Platform & Infrastructure Improvement Plan
B2B Analytics SaaS — Series B, 50 Engineers
1. Shared Capabilities Plan
1.1 Problem Statement
Multiple feature teams are independently rebuilding export functionality, filtering logic, and permission checks. This results in:
- Duplicated effort: Engineering hours wasted re-implementing solved problems
- Inconsistent behavior: Users experience different filtering semantics, export formats, and permission enforcement across features
- Maintenance burden: Bug fixes and improvements must be applied in multiple places
- Security risk: Permission checks implemented ad hoc increase the surface area for authorization bugs
1.2 Shared Capability Inventory
| Capability | Current State | Estimated Duplication |
|---|
| Export (CSV, Excel, PDF) | Rebuilt per feature team | 4-6 implementations |
| Filtering & query building | Custom per feature | 5+ implementations |
| Permission / authorization checks | Inline per endpoint | Scattered across codebase |
| Pagination | Mixed cursor/offset | 3-4 implementations |
| Audit logging | Partial coverage | Inconsistent |
| Rate limiting | Ad hoc or missing | Varies |
1.3 Recommended Shared Services Architecture
A. Export Service
- Scope: Centralized async export pipeline supporting CSV, Excel, PDF, and scheduled exports
- Design:
- Accept a standardized export request (data source, filters, format, recipient)
- Use a job queue (e.g., Redis-backed Sidekiq, or a dedicated task queue) for async processing
- Store generated files in object storage (S3/GCS) with signed URLs
- Notify users via webhook/email on completion
- API Contract:
POST /api/v1/exports
{
"source": "dashboard_metrics",
"filters": { ... },
"format": "csv",
"notify": "email"
}
- Benefits: Uniform format support, centralized size limits, progress tracking, retry logic
B. Filtering & Query Engine
- Scope: Shared filter definition, parsing, validation, and SQL generation
- Design:
- Define a filter DSL (JSON-based) that all feature teams use
- Central library validates filter syntax, prevents injection, applies tenant scoping
- Generates parameterized SQL or query builder calls
- Supports common operations: equality, range, contains, in-list, date ranges, null checks
- Filter Schema Example:
{
"filters": [
{ "field": "created_at", "op": "gte", "value": "2026-01-01" },
{ "field": "status", "op": "in", "value": ["active", "trial"] }
],
"sort": { "field": "created_at", "dir": "desc" }
}
- Benefits: Consistent UX, single place for query optimization, SQL injection prevention
C. Authorization Service
- Scope: Centralized permission evaluation replacing inline checks
- Design:
- Implement a policy engine (consider OPA/Rego, Casbin, or custom RBAC/ABAC service)

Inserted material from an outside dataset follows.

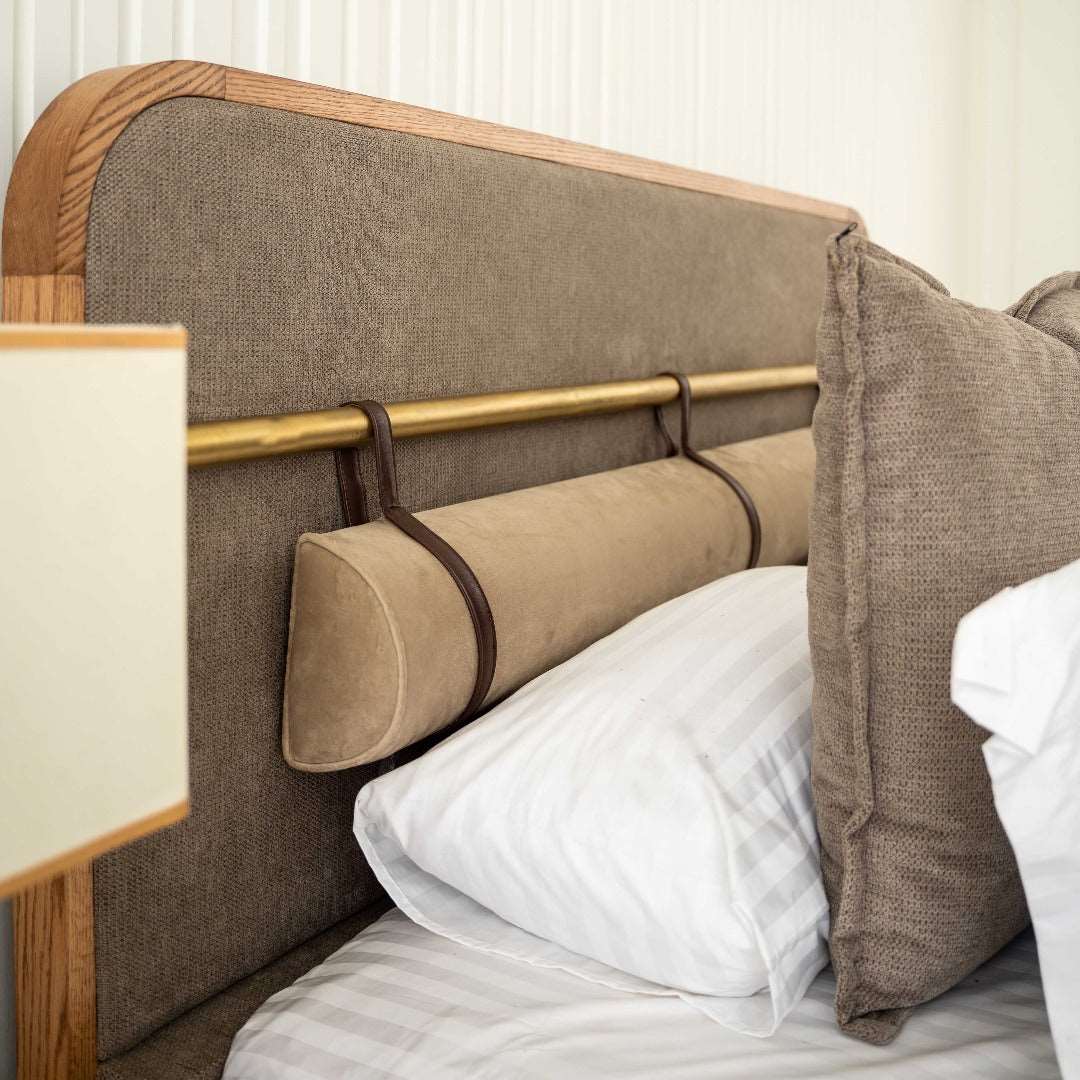 A luxurious bed with a rich red oak wood frame, accented by brass and faux leather buckle detailing. Its elegant design exudes opulence, combining natural textures with metallic accents for a sophisticated statement piece in any bedroom.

- Define resources, actions, and roles in a central policy store
- Expose a lightweight SDK that feature teams call:
authz.check(user, action, resource)
- Cache permission evaluations with short TTLs for hot paths
- Emit audit events for every authorization decision
- Migration Path:
- Catalog all existing permission checks across the codebase
- Map them to a unified role/permission model
- Implement the central service with a compatibility shim
- Migrate teams incrementally (one feature area per sprint)
- Remove legacy inline checks after validation
- Benefits: Single source of truth for access control, auditable, easier compliance (SOC 2, etc.)
1.4 Platform Team Structure
- Recommendation: Form a dedicated Platform Engineering team (3-5 engineers initially)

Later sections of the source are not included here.